■ **What to work on**: Scan the data for "Development" and copy each matching line.

--------

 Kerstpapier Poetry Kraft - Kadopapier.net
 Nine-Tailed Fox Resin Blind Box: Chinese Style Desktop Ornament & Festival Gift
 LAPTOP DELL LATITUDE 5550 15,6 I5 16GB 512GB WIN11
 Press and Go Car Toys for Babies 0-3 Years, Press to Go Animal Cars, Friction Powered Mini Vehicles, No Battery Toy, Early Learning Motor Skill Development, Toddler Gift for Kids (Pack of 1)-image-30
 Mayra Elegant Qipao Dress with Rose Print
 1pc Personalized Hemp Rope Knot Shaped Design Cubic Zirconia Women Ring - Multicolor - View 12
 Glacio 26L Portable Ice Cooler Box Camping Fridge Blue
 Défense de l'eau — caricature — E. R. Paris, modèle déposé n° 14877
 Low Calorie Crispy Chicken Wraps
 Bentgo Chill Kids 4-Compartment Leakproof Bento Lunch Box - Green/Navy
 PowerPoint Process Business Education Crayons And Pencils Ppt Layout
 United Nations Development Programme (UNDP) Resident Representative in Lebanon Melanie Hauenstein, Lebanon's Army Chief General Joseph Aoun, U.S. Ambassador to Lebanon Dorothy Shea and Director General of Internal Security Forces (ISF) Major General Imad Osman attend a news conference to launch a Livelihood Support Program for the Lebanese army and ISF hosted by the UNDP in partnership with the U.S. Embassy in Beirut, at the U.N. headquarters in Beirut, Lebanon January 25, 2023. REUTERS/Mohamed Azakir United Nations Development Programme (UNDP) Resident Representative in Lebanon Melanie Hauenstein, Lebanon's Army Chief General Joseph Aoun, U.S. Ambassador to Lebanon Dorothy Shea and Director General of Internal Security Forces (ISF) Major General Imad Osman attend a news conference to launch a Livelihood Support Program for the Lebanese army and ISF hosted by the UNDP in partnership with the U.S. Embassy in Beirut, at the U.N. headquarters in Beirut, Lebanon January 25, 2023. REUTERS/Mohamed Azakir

--------

■ **Task output**:
 Press and Go Car Toys for Babies 0-3 Years, Press to Go Animal Cars, Friction Powered Mini Vehicles, No Battery Toy, Early Learning Motor Skill Development, Toddler Gift for Kids (Pack of 1)-image-30
 United Nations Development Programme (UNDP) Resident Representative in Lebanon Melanie Hauenstein, Lebanon's Army Chief General Joseph Aoun, U.S. Ambassador to Lebanon Dorothy Shea and Director General of Internal Security Forces (ISF) Major General Imad Osman attend a news conference to launch a Livelihood Support Program for the Lebanese army and ISF hosted by the UNDP in partnership with the U.S. Embassy in Beirut, at the U.N. headquarters in Beirut, Lebanon January 25, 2023. REUTERS/Mohamed Azakir United Nations Development Programme (UNDP) Resident Representative in Lebanon Melanie Hauenstein, Lebanon's Army Chief General Joseph Aoun, U.S. Ambassador to Lebanon Dorothy Shea and Director General of Internal Security Forces (ISF) Major General Imad Osman attend a news conference to launch a Livelihood Support Program for the Lebanese army and ISF hosted by the UNDP in partnership with the U.S. Embassy in Beirut, at the U.N. headquarters in Beirut, Lebanon January 25, 2023. REUTERS/Mohamed Azakir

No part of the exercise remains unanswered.